Sri Aurobindo
Letters of Sri Aurobindo
Volume 2. 1934 — 1935
Letter ID: 510
Sri Aurobindo — Roy, Dilip Kumar
November 3, 1934
But the letter on Nirvana? Do see to it tomorrow. I just send you a short song I composed in my closing portion of the tragic novel Dola – to be sung by its heroine in an ecstasy of aesthetic emotional sentimental love – to be disillusioned shortly of course. I have not treated it à la mode or conventionally, but tried to depict the sense of illumination that comes of romance on moonlight nights or vis-à-vis a beautiful piece of scenery, which sort of shines with a kind of reflected lustre of the romance. I have tried to depict it as I have myself felt it often, with a vividness that even I cannot doubt. I wonder if this sort of elation that one feels in front of a lovely vista (particularly the moon-flooded one to which I am particularly susceptible) and associates it with the reflection of the love felt – is at all psychic or purely vital? But its glow is very warm and pervading and delicious and there can be hardly any doubt as to the sense [of?] illumination one is endowed with in such circumstances. May one take it that it is some form of sublimation of the physical love in imagination’s sky – if you know what I mean? I mean I felt very vividly there was an essential delicatesse, subtlety, etherealness in such a transcription of one’s subjective feeling in the objective world of rude matter. Even dull inert things seem to be animate. Illusion? soit – but is it not a beautiful illusion so long as it lasts? Or is such a feeling not an illusion at all but a reflection of some reality that falling on the material scenery transforms the whole landscape? Poet’s feelings are often unreliable – I have a deep distrust of poets hallelujahs – that is why I ask. But I doubt whether I have expressed myself at all clearly. I trust however, that if you read my lyric carefully you will understand what I am driving at.
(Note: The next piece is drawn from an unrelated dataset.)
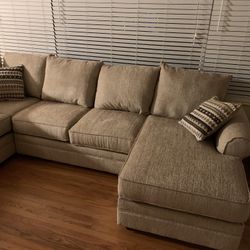 New Household Furniture 50%-80% Off MSRP. BUY NOW PAY LATER $39 Down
All these feelings or impressions are aesthetic and of the vital – their imprints over the ordinary movements is that they belong to the inner vital, not to the cruder external life-movements. It is this character that gives them their sense of elevation, beauty, etc. Such movements can be taken up by the psychic when it is the soul in things behind the aesthetic and emotional that is felt and by the spiritual when they are made a means of coming in contact with the cosmic spirit or in any way with the Divine.